What is expected — Print exactly the lines below between the line containing "Photo 9 from" and the line containing "هیدرولیک و هیداک", counting both of those lines. Leave pictures out.

Records —
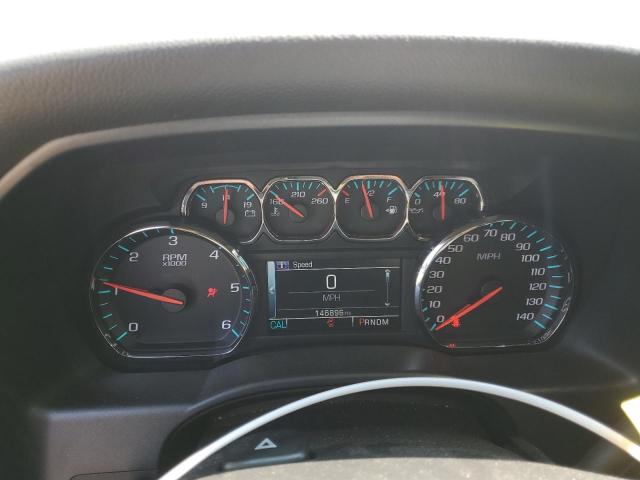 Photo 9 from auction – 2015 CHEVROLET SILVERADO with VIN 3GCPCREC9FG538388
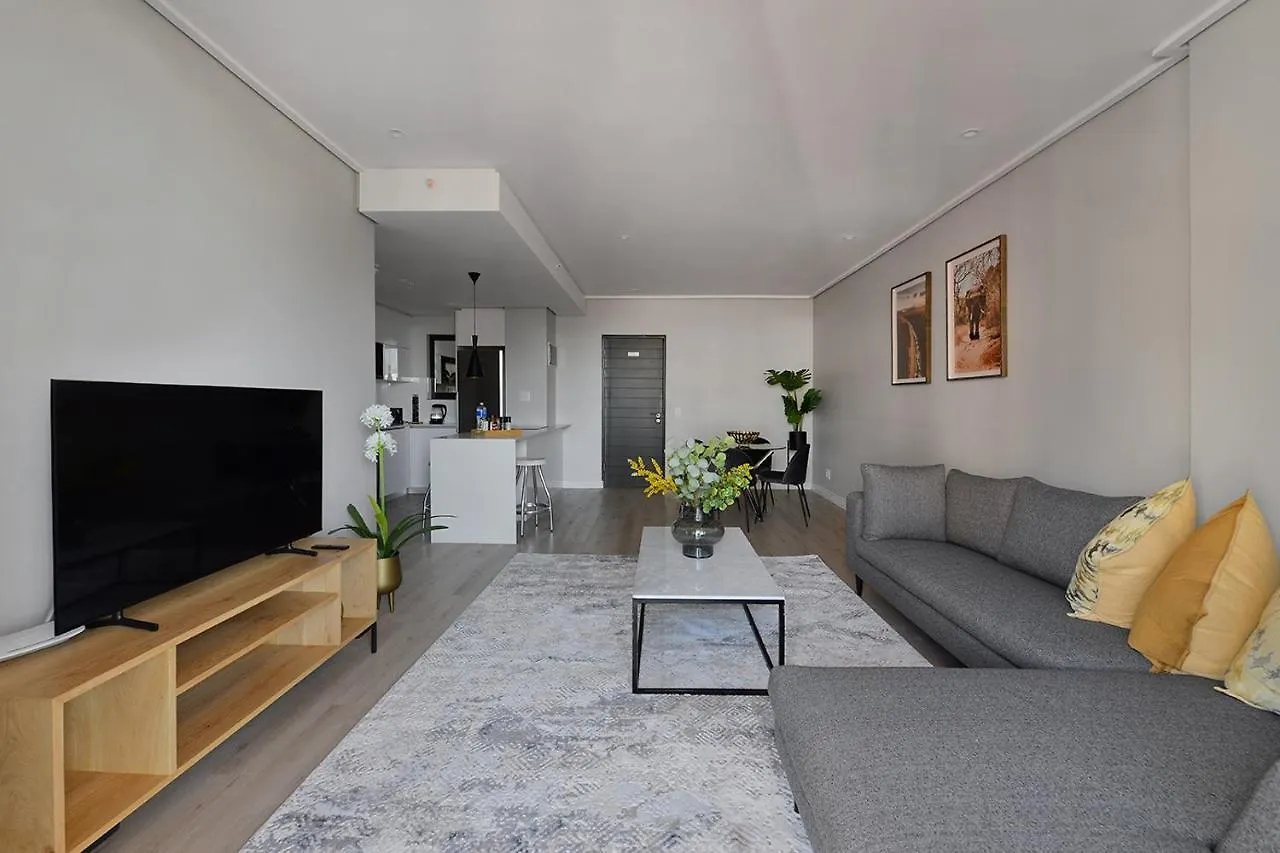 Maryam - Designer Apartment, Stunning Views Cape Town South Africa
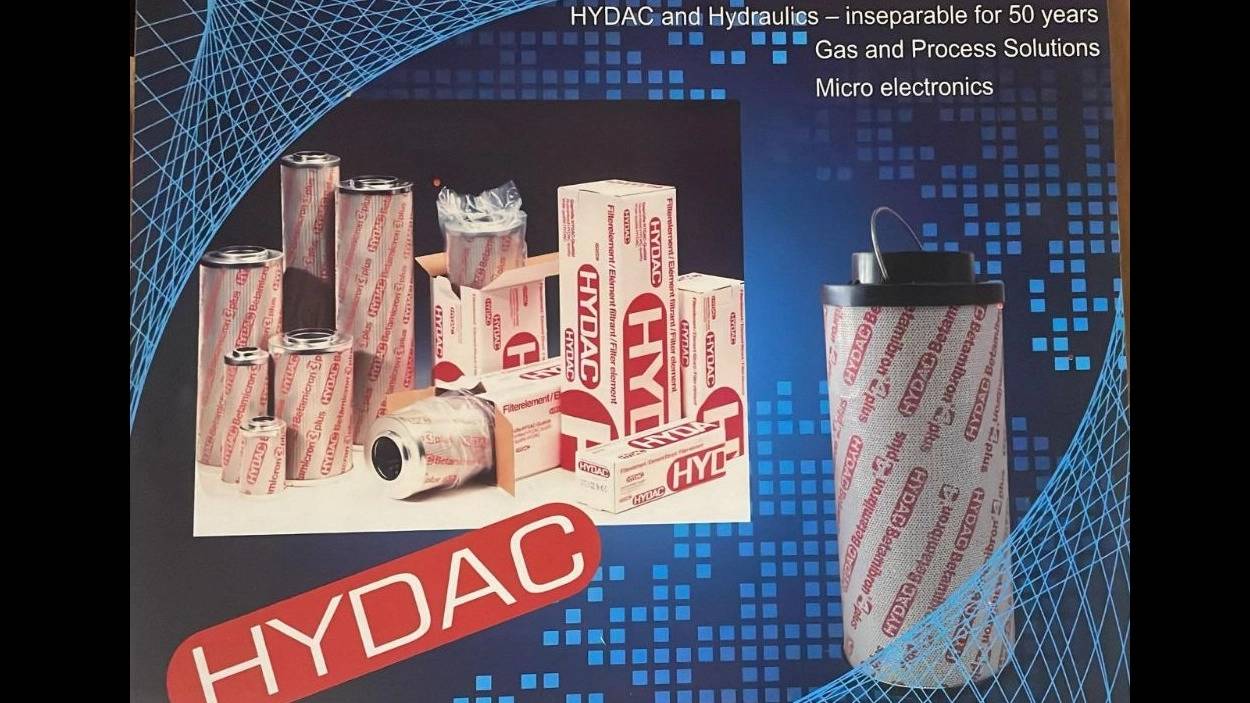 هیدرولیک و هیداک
...
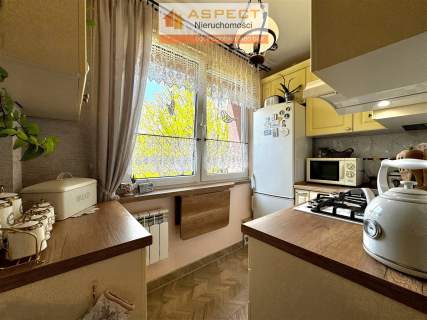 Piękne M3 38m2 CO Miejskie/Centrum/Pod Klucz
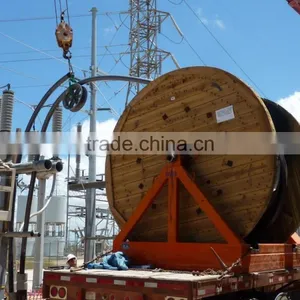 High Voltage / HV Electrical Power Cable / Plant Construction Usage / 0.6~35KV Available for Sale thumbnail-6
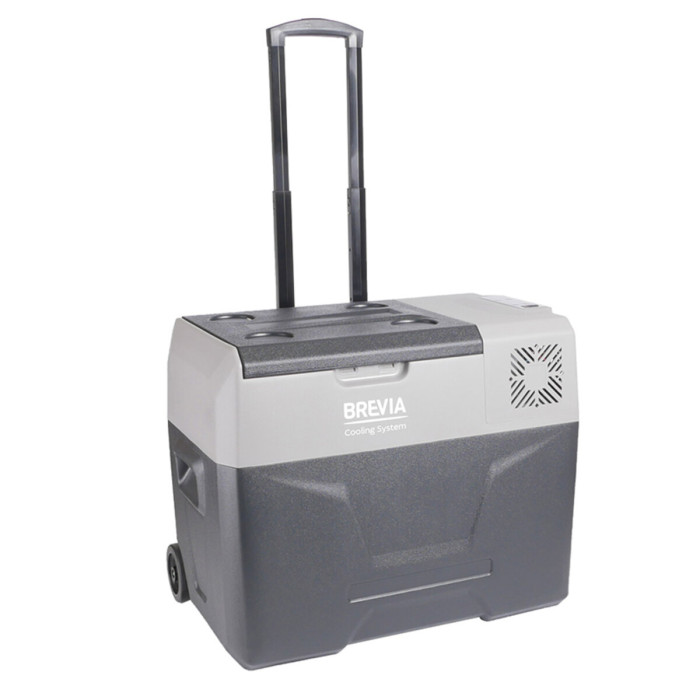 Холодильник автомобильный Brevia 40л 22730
* * *
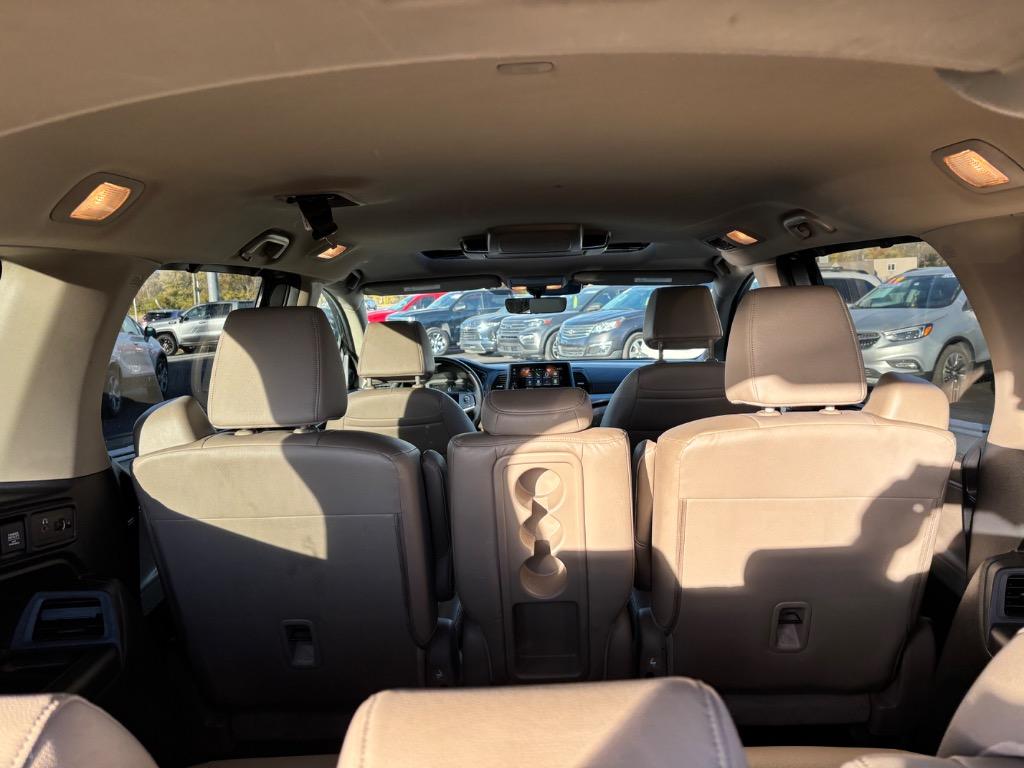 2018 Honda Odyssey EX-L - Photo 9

Response —
 Photo 9 from auction – 2015 CHEVROLET SILVERADO with VIN 3GCPCREC9FG538388
 Maryam - Designer Apartment, Stunning Views Cape Town South Africa
 هیدرولیک و هیداک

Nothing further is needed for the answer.